* YOUR TASK:
Leaving out the pictures, copy each record below exactly.

* PROVIDED RECORDS:
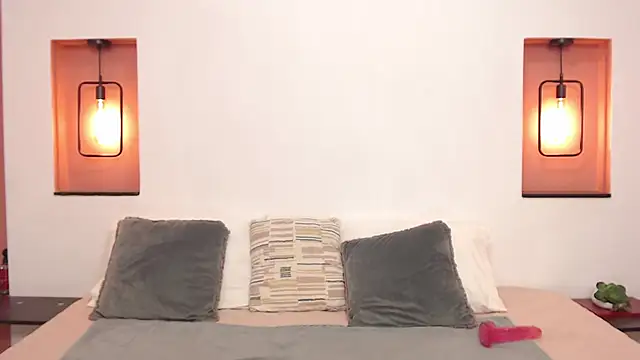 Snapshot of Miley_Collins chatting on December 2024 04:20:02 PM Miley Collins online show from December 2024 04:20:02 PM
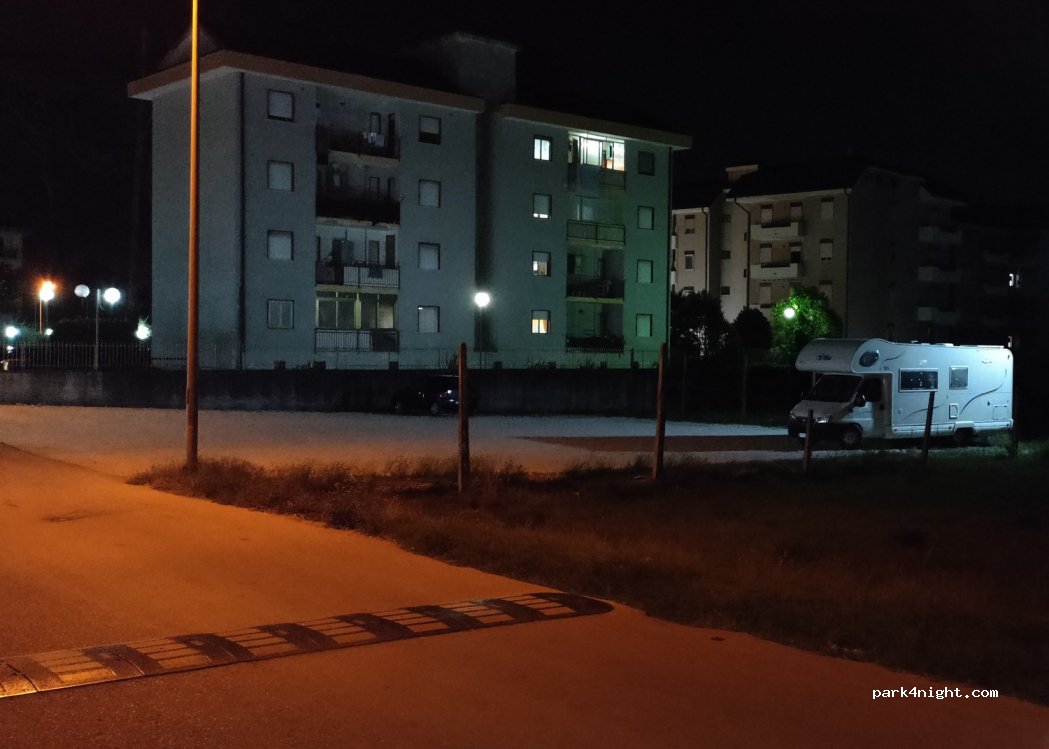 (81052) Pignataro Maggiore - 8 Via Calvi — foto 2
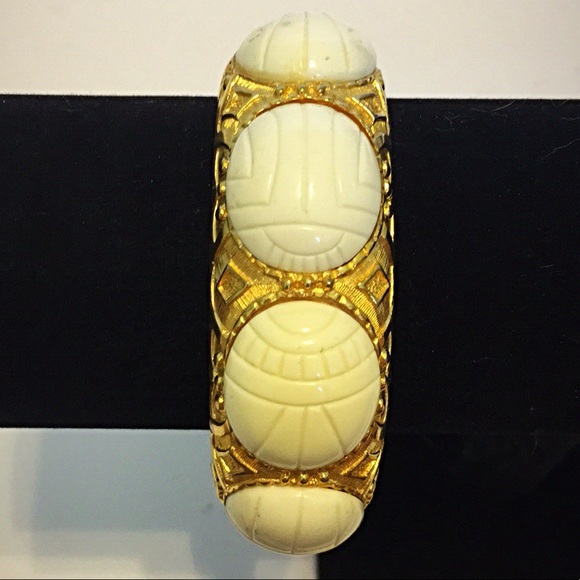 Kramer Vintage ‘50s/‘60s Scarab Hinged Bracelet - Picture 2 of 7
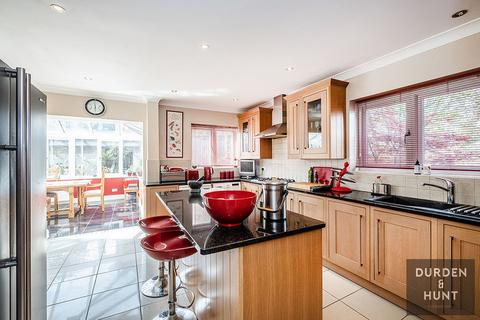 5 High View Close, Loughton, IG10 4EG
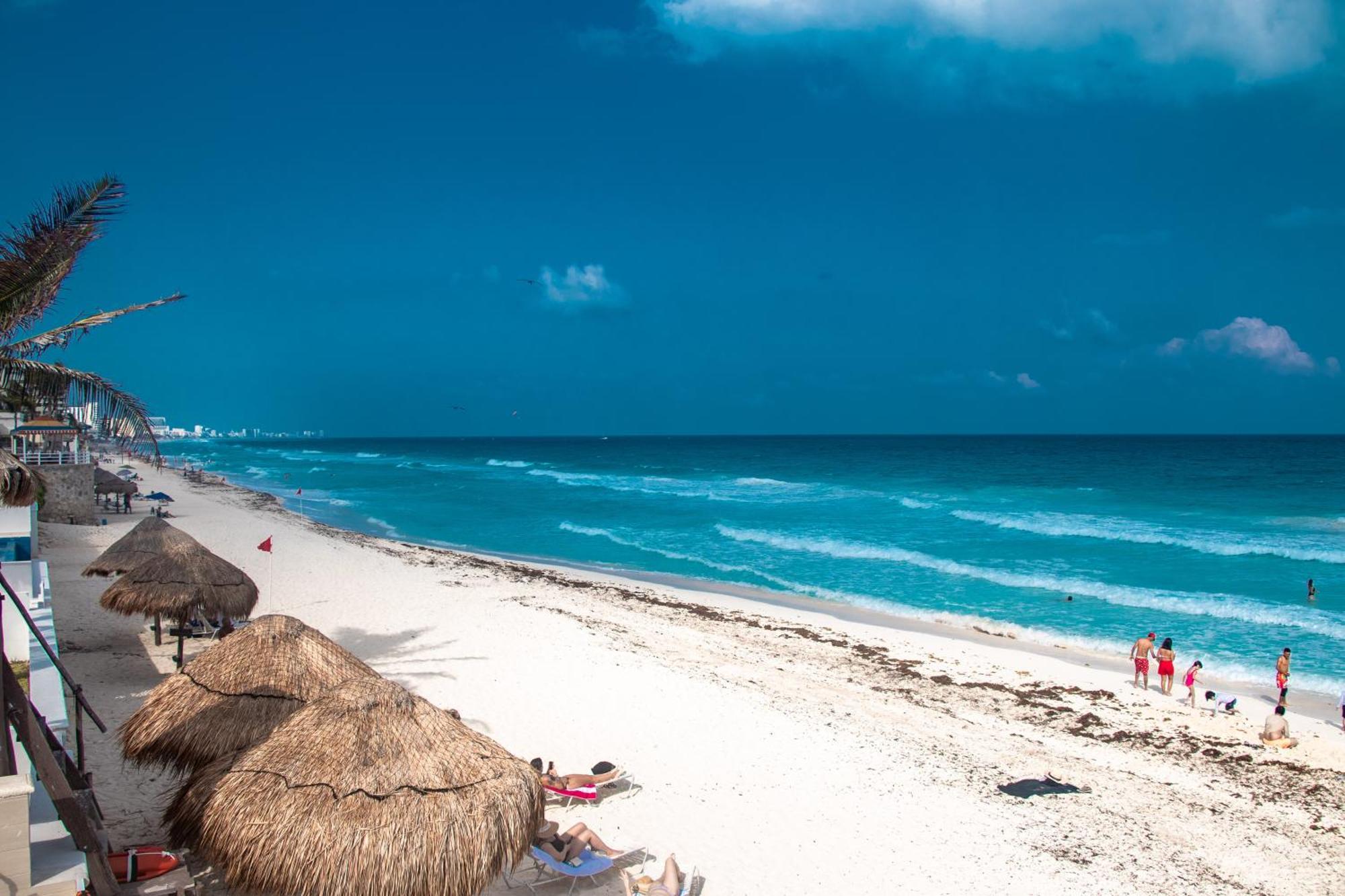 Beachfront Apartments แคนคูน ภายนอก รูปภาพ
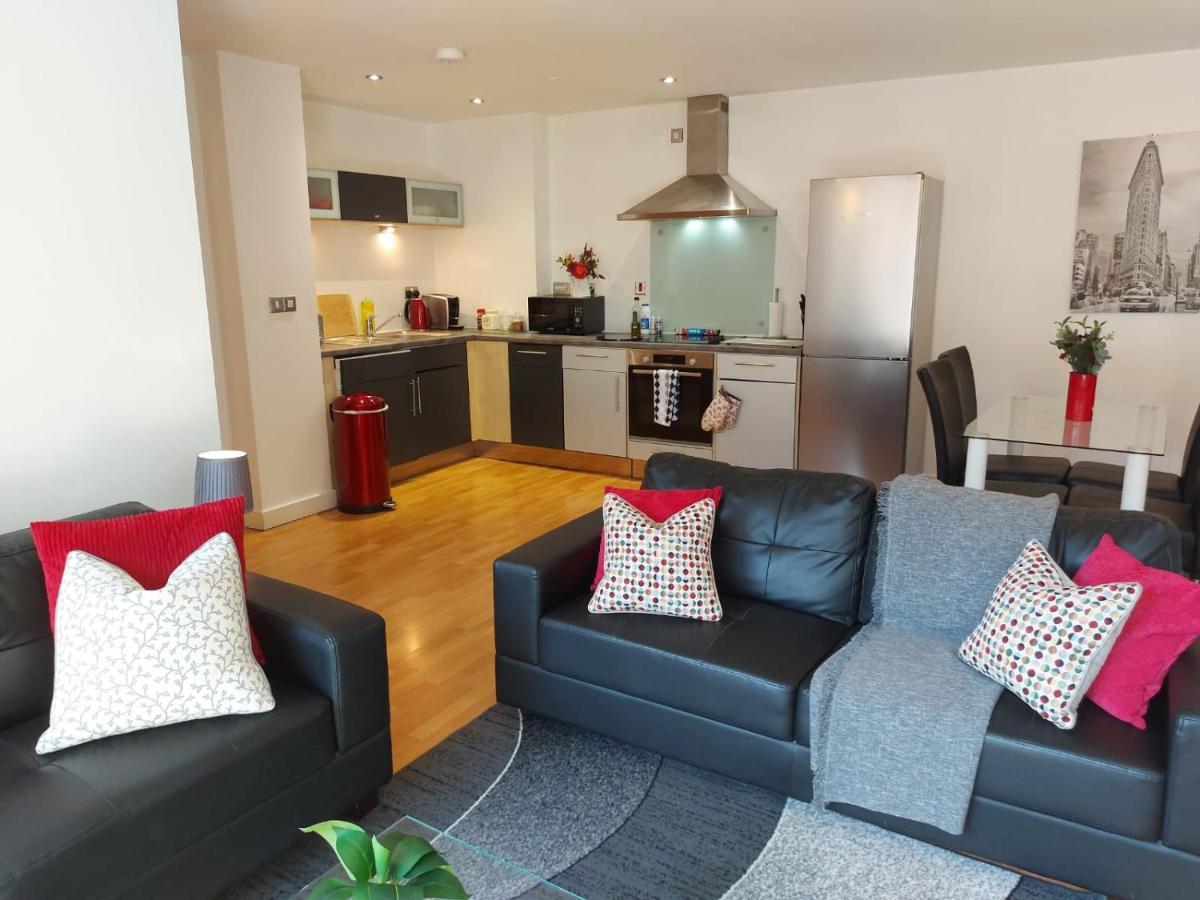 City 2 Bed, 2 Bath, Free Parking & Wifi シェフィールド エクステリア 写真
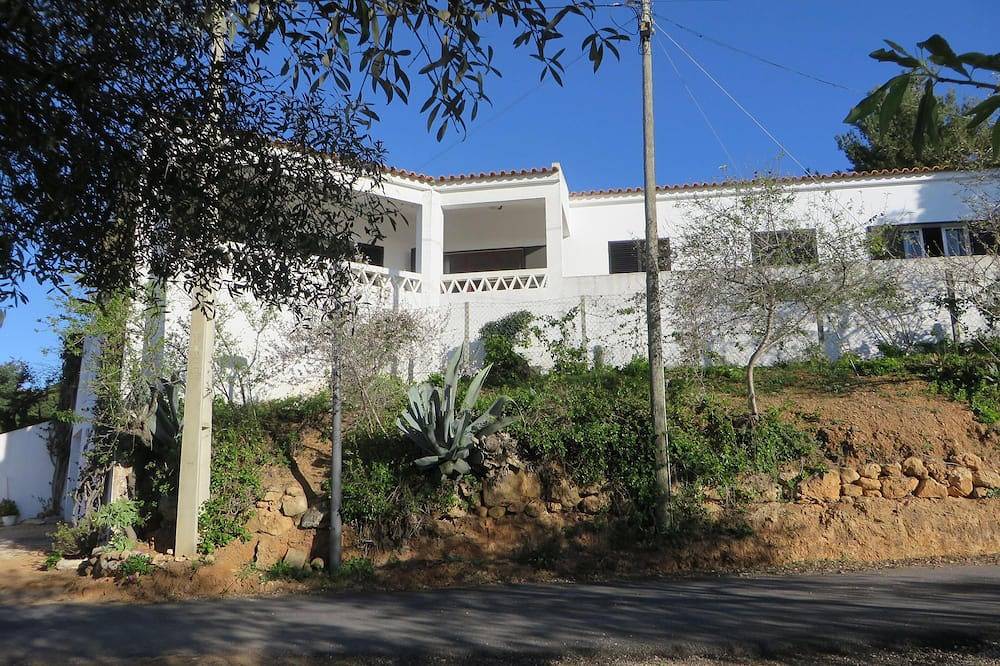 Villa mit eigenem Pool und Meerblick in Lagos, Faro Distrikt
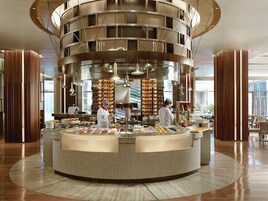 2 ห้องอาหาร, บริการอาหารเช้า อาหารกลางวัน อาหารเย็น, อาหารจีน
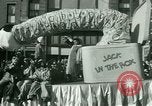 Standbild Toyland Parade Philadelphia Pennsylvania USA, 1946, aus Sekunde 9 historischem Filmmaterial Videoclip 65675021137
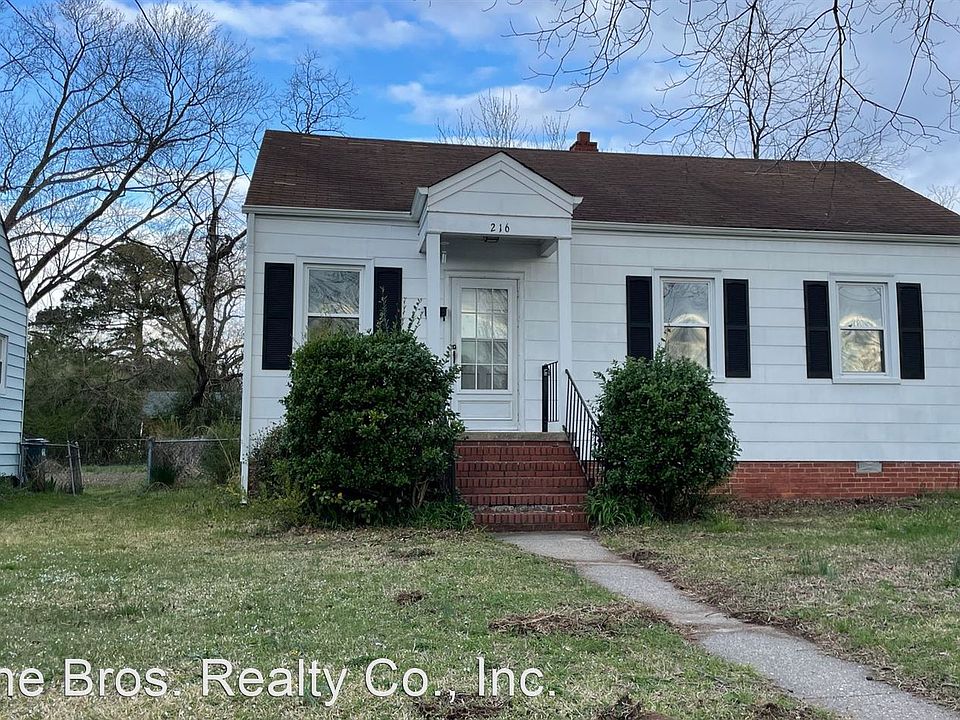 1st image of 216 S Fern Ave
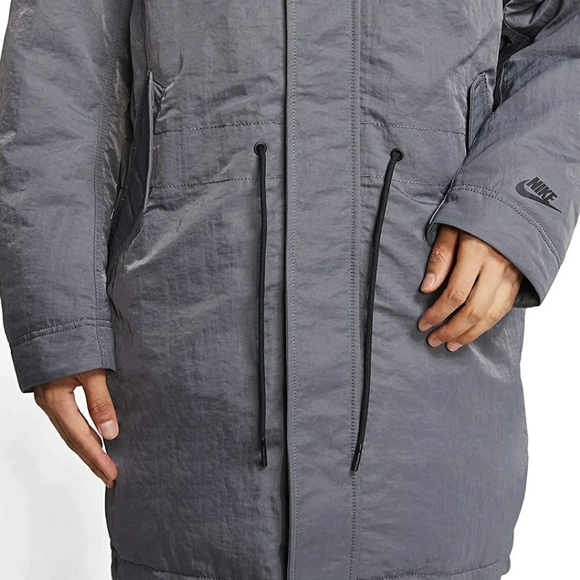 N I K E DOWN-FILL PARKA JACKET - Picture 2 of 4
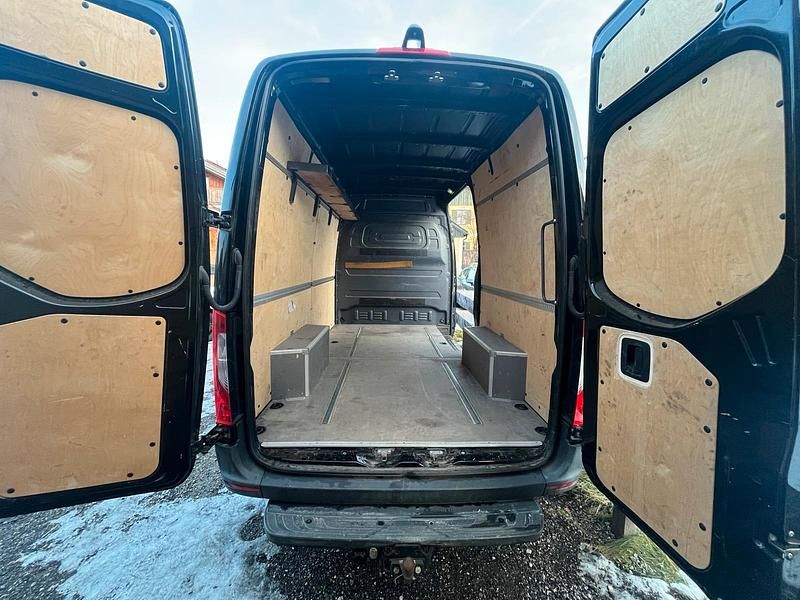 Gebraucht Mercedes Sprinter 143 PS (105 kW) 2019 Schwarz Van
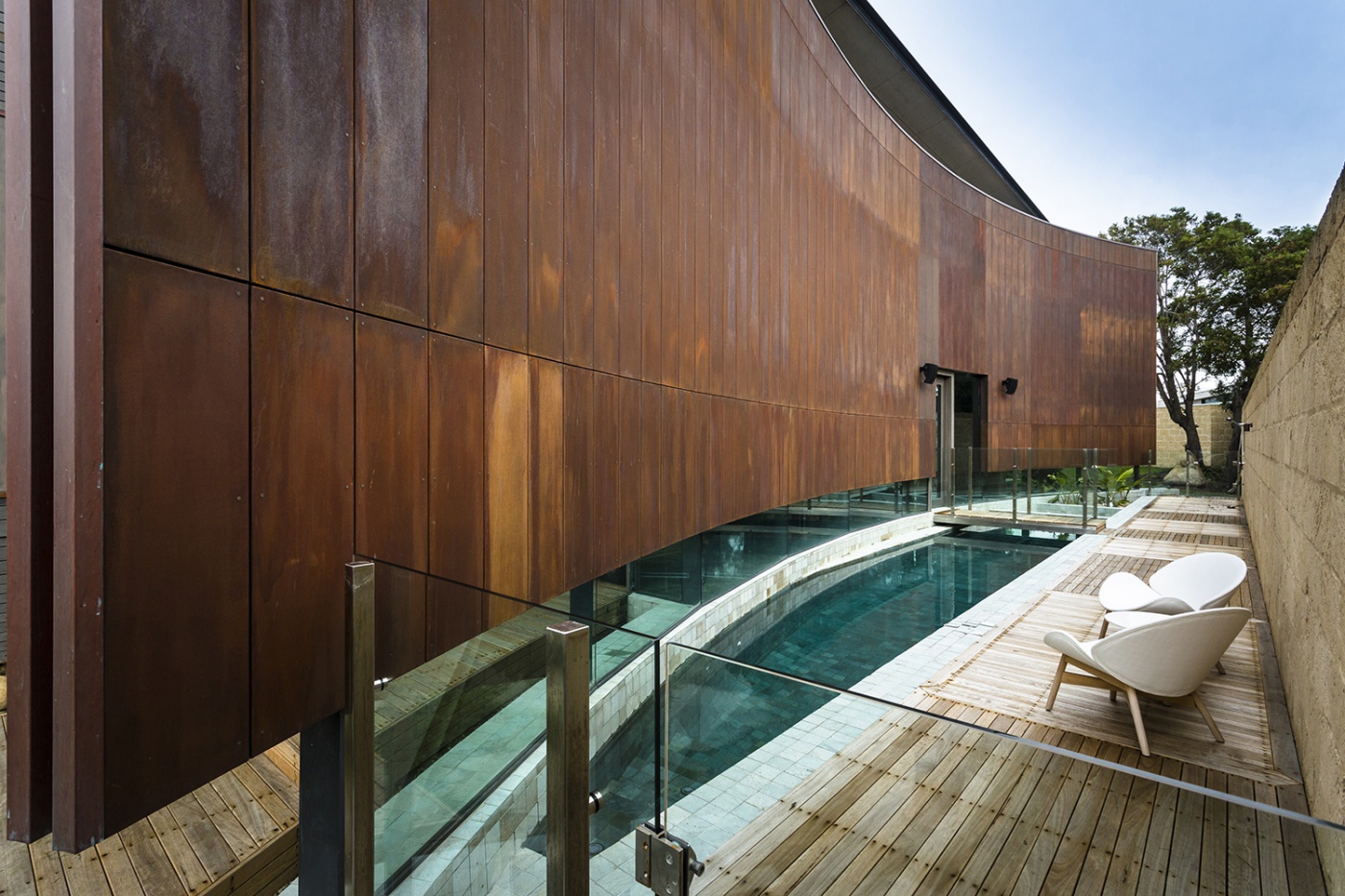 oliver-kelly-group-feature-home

* RESPONSE TO THE TASK:
 Snapshot of Miley_Collins chatting on December 2024 04:20:02 PM Miley Collins online show from December 2024 04:20:02 PM
 (81052) Pignataro Maggiore - 8 Via Calvi — foto 2
 Kramer Vintage ‘50s/‘60s Scarab Hinged Bracelet - Picture 2 of 7
 5 High View Close, Loughton, IG10 4EG
 Beachfront Apartments แคนคูน ภายนอก รูปภาพ
 City 2 Bed, 2 Bath, Free Parking & Wifi シェフィールド エクステリア 写真
 Villa mit eigenem Pool und Meerblick in Lagos, Faro Distrikt
 2 ห้องอาหาร, บริการอาหารเช้า อาหารกลางวัน อาหารเย็น, อาหารจีน
 Standbild Toyland Parade Philadelphia Pennsylvania USA, 1946, aus Sekunde 9 historischem Filmmaterial Videoclip 65675021137
 1st image of 216 S Fern Ave
 N I K E DOWN-FILL PARKA JACKET - Picture 2 of 4
 Gebraucht Mercedes Sprinter 143 PS (105 kW) 2019 Schwarz Van
 oliver-kelly-group-feature-home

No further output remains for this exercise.